Using webhooks with your flows

Sergio
Head of Engineering

Webhooks can be an incredibly useful tool in the world of ETL (Extract, Transform, Load). They are especially handy when working with orchestration tools like Airflow or DBT Cloud, helping to seamlessly coordinate data flows. Beyond just transferring data, webhooks can play a crucial role in monitoring. You can use them to get timely updates, whether your data syncs are successful or if there's a hiccup along the way. In this post we're going to show you how to create and manage webhooks in Portable.

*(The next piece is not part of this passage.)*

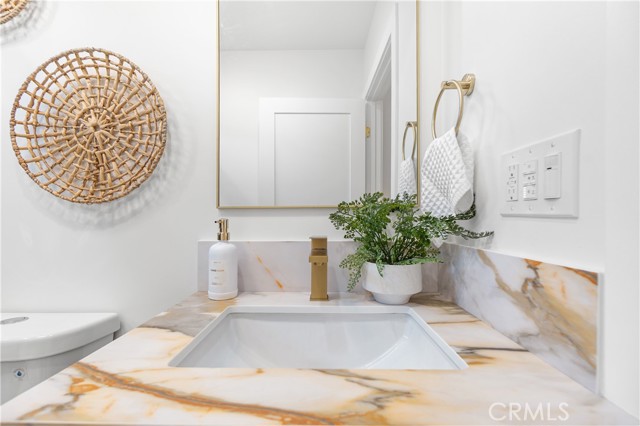 3991 Hubert Avenue, Los Angeles CA: https://media.crmls.org/medias/73475ed5-6486-4486-a385-cea16ee21ca7.jpg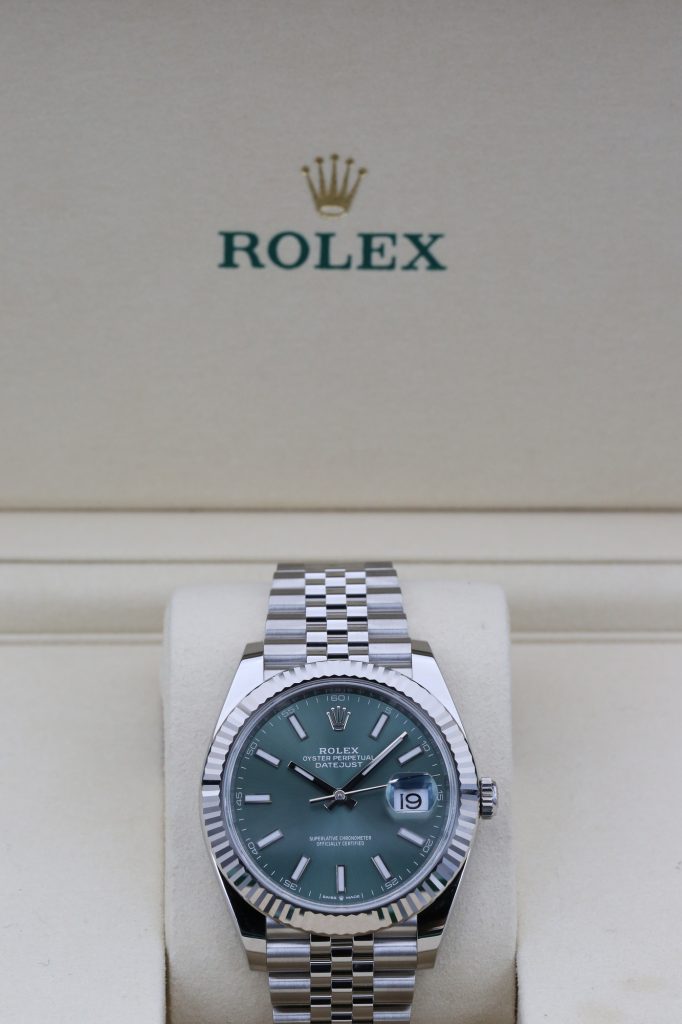 Rolex 126334 Mint Green DATEJUST 41mm 2025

Getting Started with Webhooks

Let's set up a new webhook in Portable. Log into Portable and go to the Webhooks settings page by clicking on your avatar at the top right and selecting Webhooks from the menu. You should see something like this:

Portable Webhook Settings
Portable Webhook Settings

Click on the Add Webhook button to create a new webhook. This is what it'd look like:

New Webhook in Portable
New Webhook in Portable

Prepare your backend to receive webhook calls

You need to provide a URL for your webhook. What this would look like in practice will depend on your infrastructure. It can be something like a lambda function proxied by an API Gateway if you're using AWS, or a Google Cloud Endpoint in front of a Google Cloud Function if you're using Google Cloud. Whatever mechanism you use, it should be prepared to receive HTTPS POST requests from our public IP address (34.122.15.109).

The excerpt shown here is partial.